Operazione Frontiera: al tribunale delle libertà discussione sulle richieste degli imputati. Per la difesa mancano gravi indizi, chiesta revoca delle custodie cautelari.

CATANZARO – “L’Eurofish, era l’azienda della ndrangheta”.
Parole del pubblico ministero Vincenzo Luberto. A Catanzaro, al tribunale delle libertà, giunge in aula l’operazione Frontiera, dove si discutono le richieste degli avvocati per gli imputati nel procedimento.
E a sorpresa spunta anche Nicola Gratteri. Il procuratore capo di Catanzaro continua a seguire di prima persona l’evolversi giudiziario di un’operazione che lo stesso ha definito “importante”, in quanto “sono stati colpiti i vertici di una delle famiglie più influenti della ‘ndrangheta”.
In aula anche Vincenzo Luberto che assieme a Gratteri ha istruito l’ordinanza. Il PM applicato alla Dda ha rilevato che anche dopo la condanna del clan Muto nel processo Azimuth nel 2006 si è continuato a perpetuare il monopolio del pesce vessando i pescatori e costringendoli a consegnare il pescato al prezzo che imponevano loro.
“L’Eurofish – ha affermato Luberto – è chiaramente azienda della mafia”. Sono state ieri trattate le posizioni di Luigi Muto e della moglie Loredana Galliano nonché di Mara Muto difesi dall’avvocato Rossana Cribari e da Giuseppe Fonte.
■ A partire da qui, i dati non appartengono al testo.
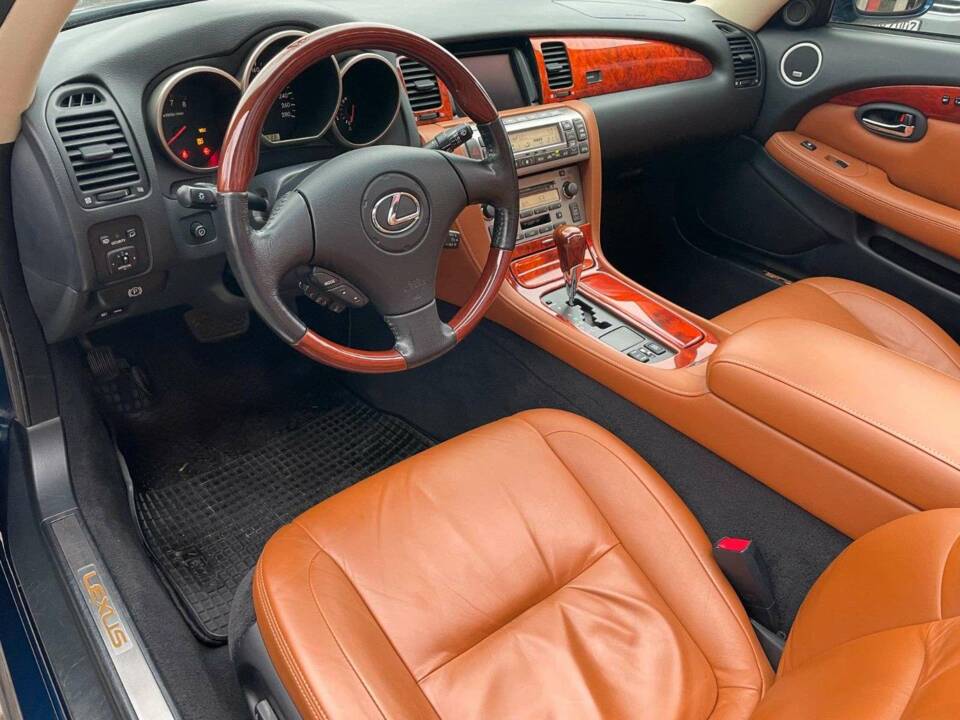 Image 10/17 of Lexus SC 430 (2005)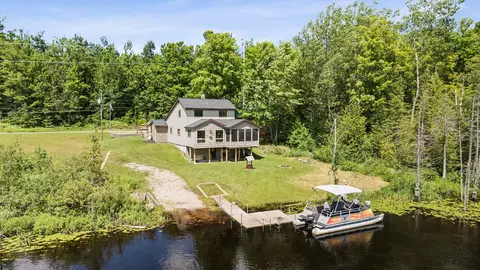 11701 Maple Dr, Millersburg, MI 49759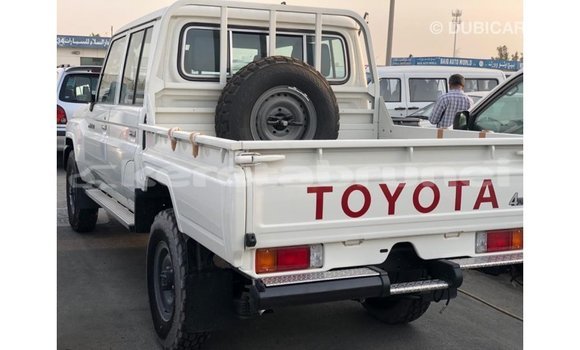 Buy Import Toyota Land Cruiser White Car in Import - Dubai in Belait Buy Import Toyota Land Cruiser White Car in Import - Dubai in Belait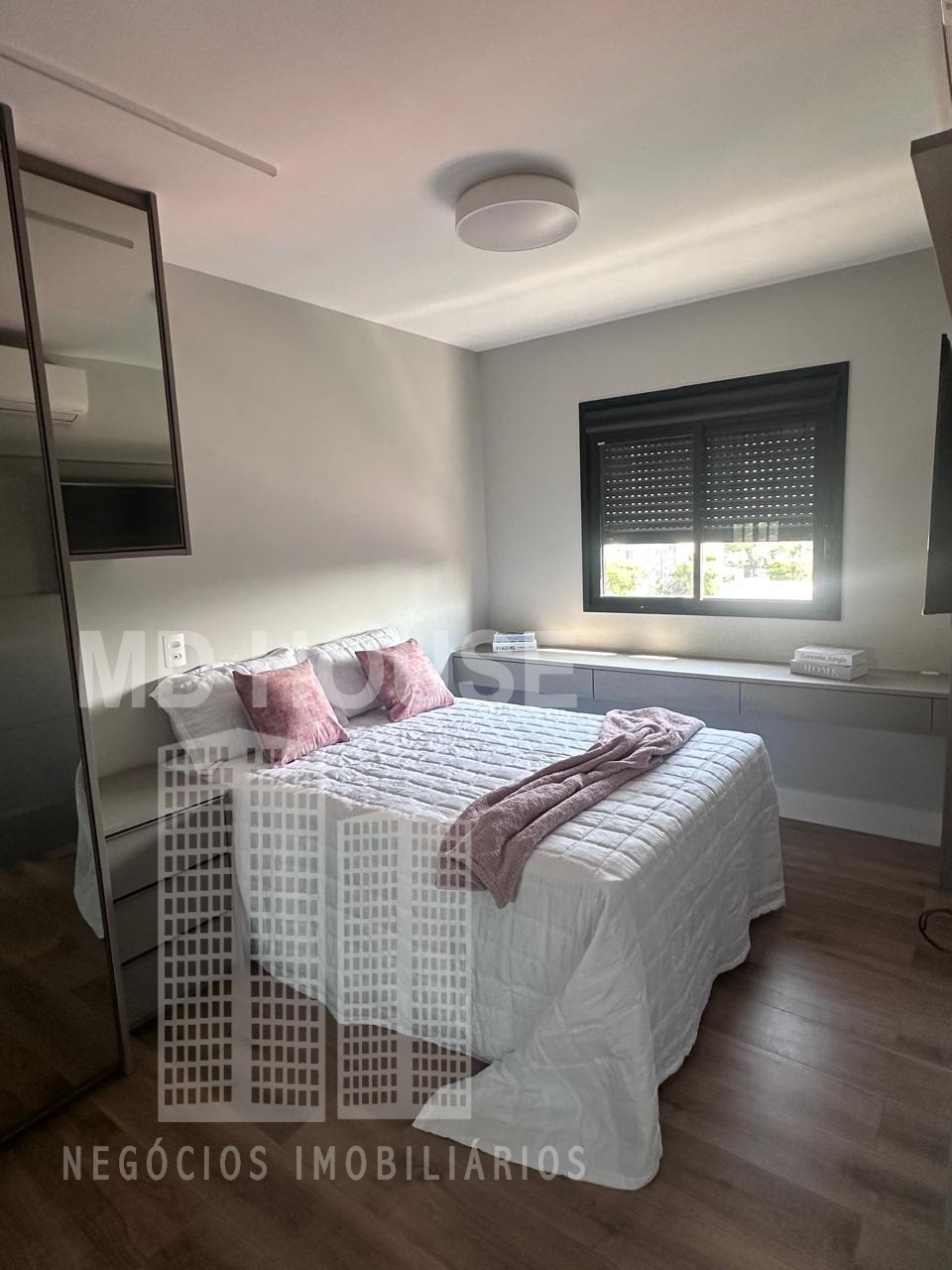 Apartamento à venda com 2 quartos, 80m² - Foto 15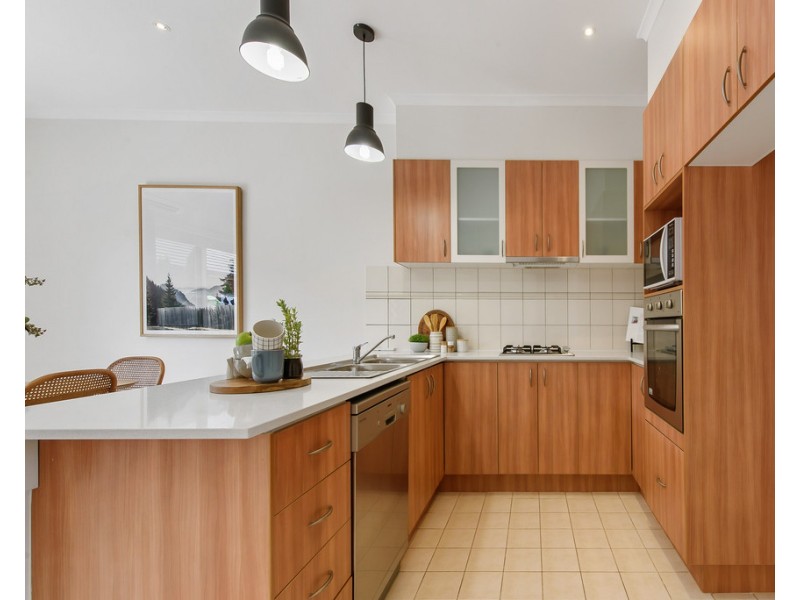 44 Amberlea Circuit, Taylors Hill VIC 3037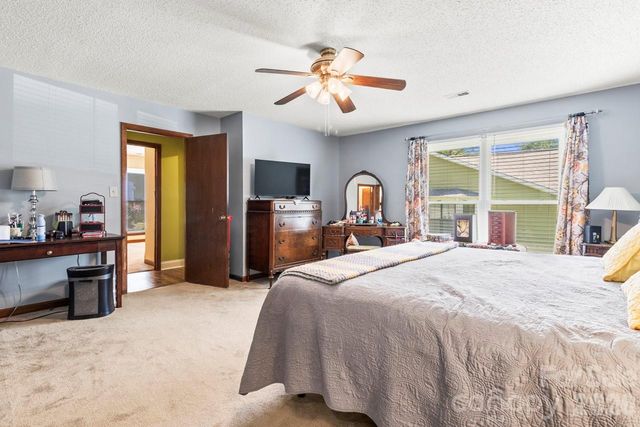 6325 Ellesmere Court, Charlotte, NC 28227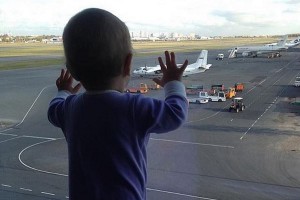 Авиакатастрофа А321 унесла жизни 27 детей Авиакатастрофа А321 унесла жизни 27 детей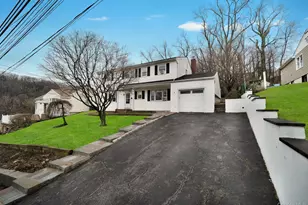 9 Valley View Dr, Yonkers, NY 10710 - Photo 6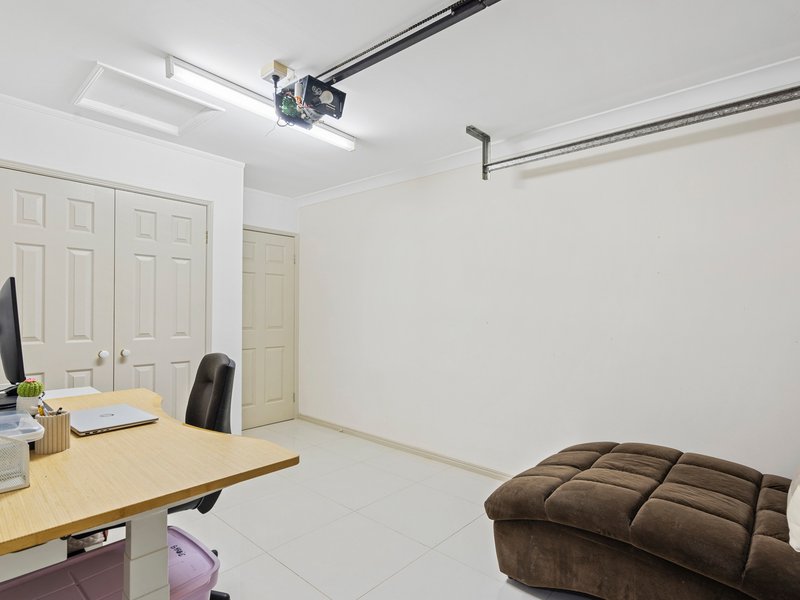 Photo - 31 Erncroft Place, Rocklea QLD 4106 - Image 19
A seguire Pier Matteo Forestiero e la moglie Mariangela Tommaselli, ai domiciliari, difesi dall’avvocato Sabrina Mannarino. Inoltre sono state discusse le posizioni di Maria Iacovo, Gianluca Arlia, Pietro Calabria e Giuseppe Calabria, difesi da Giuseppe Bruno, Armando Sabato e Natalia Branda, e infine di Agostino Bufanio, difeso da Vito Caldiero, Francesco Abruzzese, rappresentato da Giorgia Greco, Luigi Sarmiento, Alexander Tufo, Gianfranco Di Santo e Angelo Casella, difesi da Sabrina Maratea e Giuseppe Pizzimenti.
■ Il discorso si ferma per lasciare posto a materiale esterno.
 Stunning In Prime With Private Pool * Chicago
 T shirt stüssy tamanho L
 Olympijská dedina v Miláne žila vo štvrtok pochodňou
Si proseguirà il 10 agosto. Nel corso dell’udienza di ieri presso il Tdl di Catanzaro presieduto dal giudice Giuseppe Valea le difese hanno discusso e presentato memorie e documentazioni.
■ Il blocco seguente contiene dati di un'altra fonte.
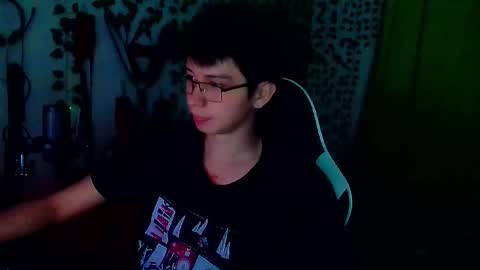 Snapshot of andy_gray01 chatting on 12-05-25, 11:41 Andy Gray online show from 12-05-25, 11:41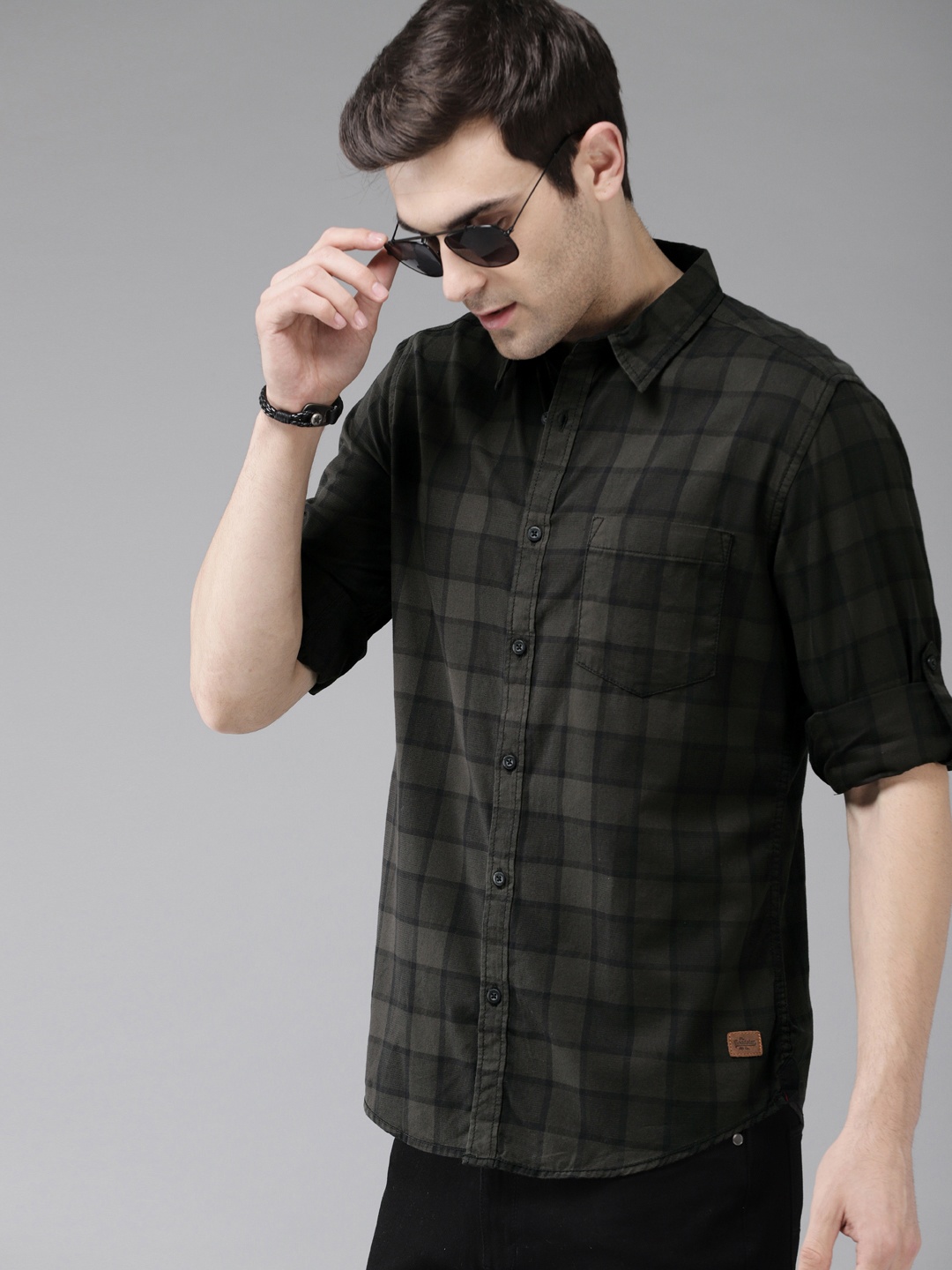 

Roadster Men Olive Green & Black Checked Pure Cotton Casual Shirt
In particolare l’avvocato Rossana Cribari ha edotto sulla nullità dell’ordinanza di misura cautelare perché a suo dire il Gip distrettuale non avrebbe fatto una valutazione autonoma dei fatti rappresentati dal pubblico ministero nella suddetta richiesta. Alla richiesta si è accodato il resto del collegio difensivo per cui a loro dire l’ordinanza è pertanto nulla. È stata quindi sostenuta la mancanza assoluta di gravi indizi con conseguente richiesta di revoca delle custodie cautelari.
Il giudice si è riservato. Decisioni nei prossimi giorni.